For those who don't know, a wave of (heavily under-reported) strikes organized online by teachers has been sweeping across the U.S. over the last couple months. The first strike wave took place in West Virginia, which won a number of concessions from the state government, inspiring teachers in Oklahoma and now Arizona to join in as well as, to lesser degrees, those in Kentucky and Colorado as well. Educators in these states typically have to work multiple jobs to make ends meet and are saddled with oversized classes, a shortage of textbooks, and frankly a shortage of other teachers because nobody wants the job due to the conditions. In Oklahoma, some 20% of the schools have resorted to four-day school weeks due to funding shortages, which of course only further elevates the burden on teachers. Many schools across these states have even ceased to use heating and air conditioning to save money.
These strikes demand substantial increases in pay for teachers and other school staff, as well as the restoration of pre-recession funding levels and an end to the privatization of public schools that is being advanced by the Trump Administration and supported by state governments (most aggressively by the Republican-controlled ones).
These actions have been organized by teachers themselves online, not called by their unions. In that connection, the World Socialist Web Site has, in their coverage, made what I think is an important point about the role of the National Education Association and the American Federation of Teachers -- the main teacher unions -- in this struggle:
"In order to carry their struggle forward, teachers in Arizona and Colorado must learn the lessons of the West Virginia and Oklahoma strikes.

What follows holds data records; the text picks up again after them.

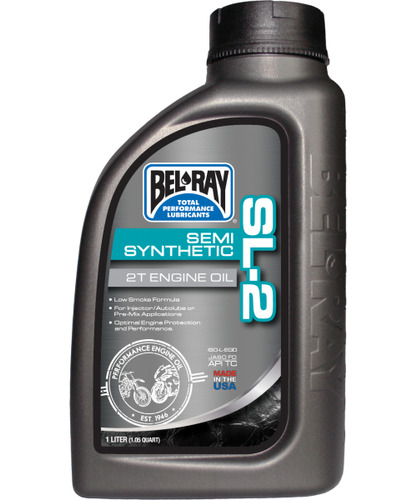Bel-ray Sl-2 Semi-synthetic 2t Engine Oil 1 L
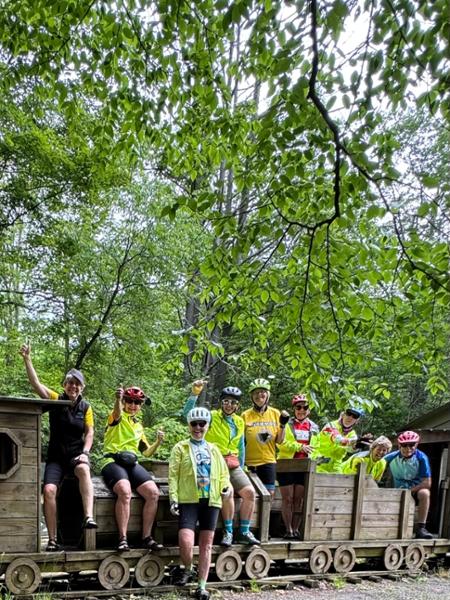 6-Day Appalachian Rail Trails Scenic Bike Tour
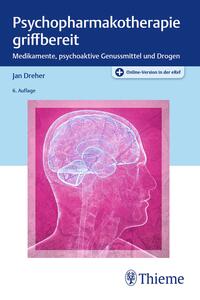 Vorderes Coverbild Psychopharmakotherapie griffbereit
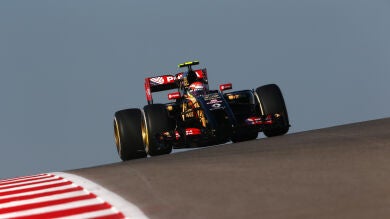 Maldonado, primer piloto que puntúa con el número 13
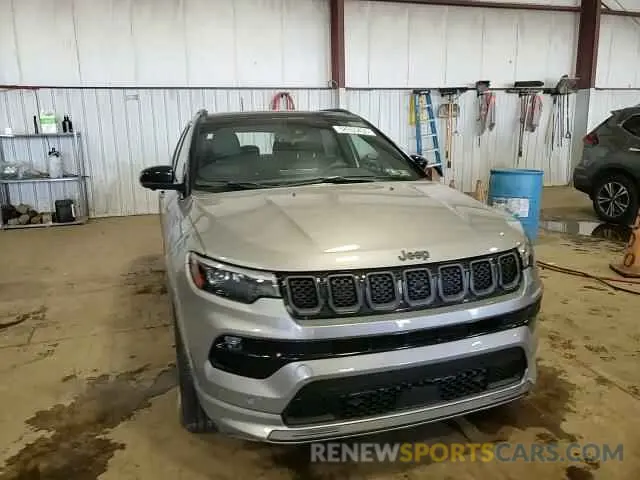 15 fotografías del automóvil dañado 3C4NJDCN3PT551442 JEEP COMPASS 2023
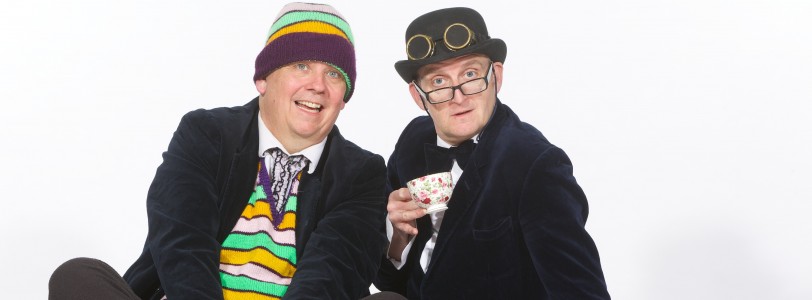 Interview with The Raymond and Mr Timpkins Revue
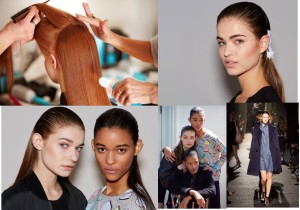 Alexis Mabille Fall / Winter 2015 Collection, Hair by Odile Gilbert for Moroccanoil, Photography: Mohamed Khalil for Moroccanoil©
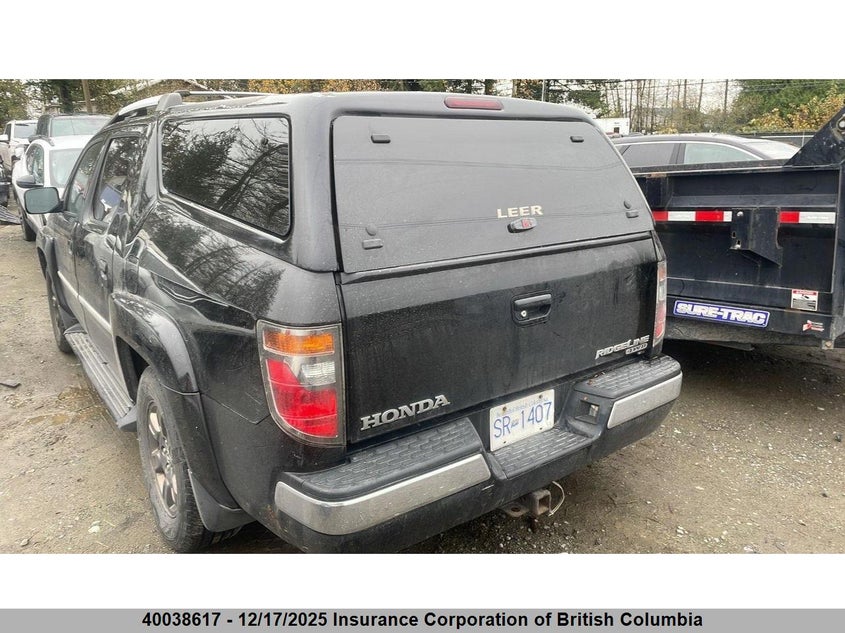 2HJYK16567H003587 2007 HONDA RIDGELINE photo no. 4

In each case, the unions sought to isolate the struggle and redirect it behind voting for Democrats in the mid-term elections.

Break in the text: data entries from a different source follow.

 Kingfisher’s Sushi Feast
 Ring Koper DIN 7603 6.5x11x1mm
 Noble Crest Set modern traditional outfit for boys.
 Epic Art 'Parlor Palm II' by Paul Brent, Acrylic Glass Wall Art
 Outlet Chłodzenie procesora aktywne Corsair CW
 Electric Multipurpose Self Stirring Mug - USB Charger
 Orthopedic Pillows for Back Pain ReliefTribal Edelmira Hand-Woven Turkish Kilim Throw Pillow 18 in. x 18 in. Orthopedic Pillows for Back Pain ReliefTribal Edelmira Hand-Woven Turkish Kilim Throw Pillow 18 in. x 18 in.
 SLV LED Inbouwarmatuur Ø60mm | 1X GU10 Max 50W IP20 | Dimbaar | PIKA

The unions see it as their task to ensure “labor peace.” In a comment to the Washington Post, the president of the American Federation of Teachers, Randi Weingarten ($500,000/year salary), wrote that if the unions are weakened struggles like that in West Virginia “will be multiplied and magnified across the country.”
It is no coincidence that the teachers’ struggle has broken out first in states where the unions have less of a stranglehold. In Arizona, a state with over 50,000 teachers, the Arizona Education Association has fewer than 20,000 members."
Unions in this country serve the opposite of their official role anymore. They exist much more to contain and undermine labor actions rather than to represent and advance the interests of the workers they purport to represent. From fast food strikes to these, there are more labor actions happening in this country right now among non-union workers than among those who have unions.
I'm of the persuasion that schools should be public property, funded equally and well (not shortchanged to pay for unnecessary subsidies for industries like oil and natural gas), and run by the teachers who work there and know their students and their individual needs rather than by administrative staff that doesn't.
So anyway, do you consider yourself a supporter of these strike actions?